## What you are asked to do
Write out the data below in full, unchanged, minus the images.

## Provided data
*** Block opens ***

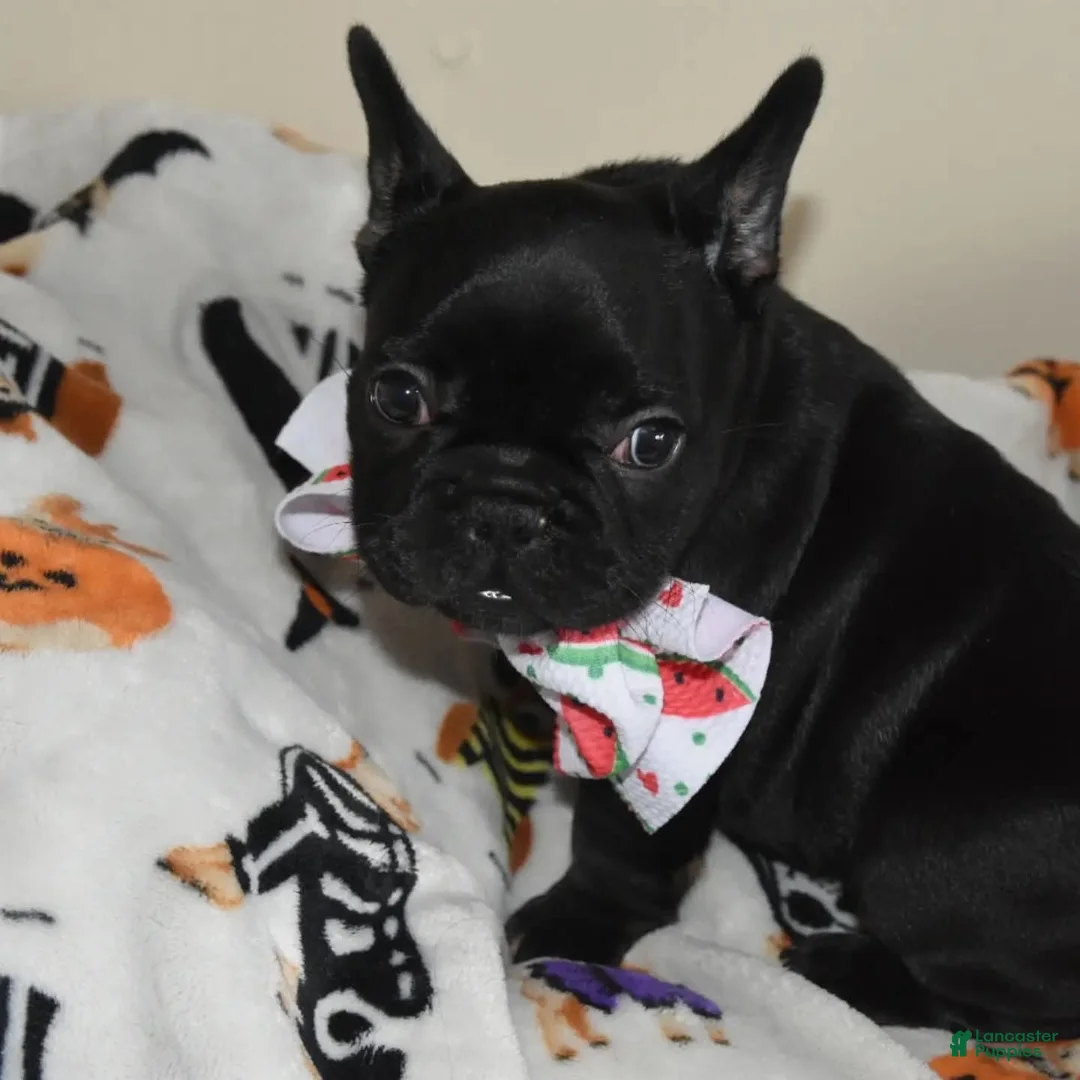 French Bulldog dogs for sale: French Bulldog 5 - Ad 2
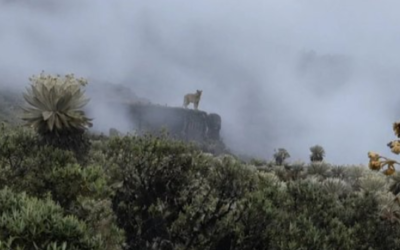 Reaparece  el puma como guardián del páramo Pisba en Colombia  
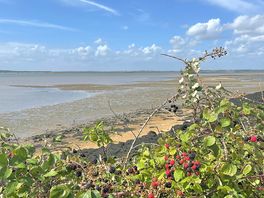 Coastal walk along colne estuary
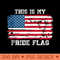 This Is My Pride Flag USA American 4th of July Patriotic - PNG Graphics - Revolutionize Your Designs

*** Block closes ***

## Answer space
 French Bulldog dogs for sale: French Bulldog 5 - Ad 2
 Reaparece  el puma como guardián del páramo Pisba en Colombia  
 Coastal walk along colne estuary
 This Is My Pride Flag USA American 4th of July Patriotic - PNG Graphics - Revolutionize Your Designs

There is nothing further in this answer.